Pro-democracy groups immediately slammed the proposals as “a denial of civil liberties” and vowed to sue the shadow administration if it begins formal legislation before taking power on July 1 under a leader handpicked by Beijing, shipping tycoon Tung Chee-hwa.

“This is a signal to the people in Hong Kong and the international community that the [incoming] government has a confidence problem in maintaining peace and order here,” said Albert Ho, spokesman for the Democratic Party.

Critics particularly object to the inclusion of “national security” in the prohibitions; the phrase is used in China to stifle dissent.

“It’s taking a step back,” said Nihal Jaywickrama, associate law professor at Hong Kong University. He said the changes would take Hong Kong’s democratic development back to the beginning of the decade, when the British government still had broad powers to stifle its critics and curb the Communist Party in the colony.

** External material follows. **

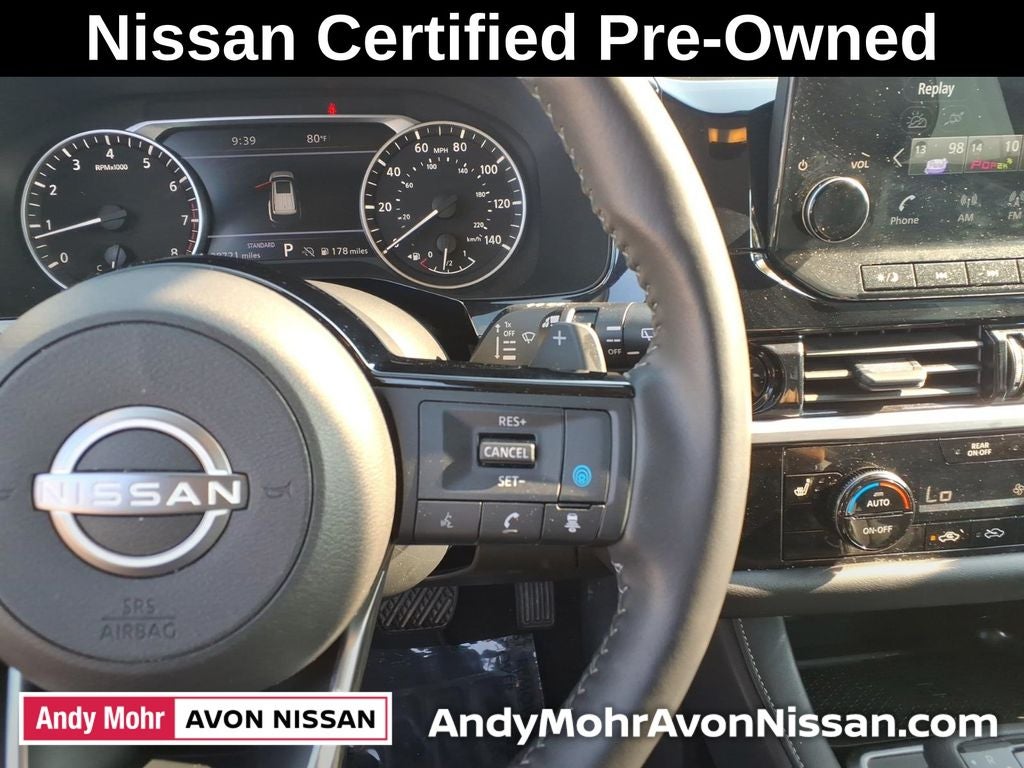 2025 Nissan Pathfinder SL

The proposals were presented Wednesday by Michael Suen, Tung’s new policy aide, who embodies the awkwardness of Hong Kong’s transition from British to Chinese rule. Suen, 57, was a member of current Gov. Chris Patten’s Cabinet and a vocal critic of China’s directive to tighten controls. Then last month he was transferred to Tung’s office to help the incoming leader prepare for the hand-over.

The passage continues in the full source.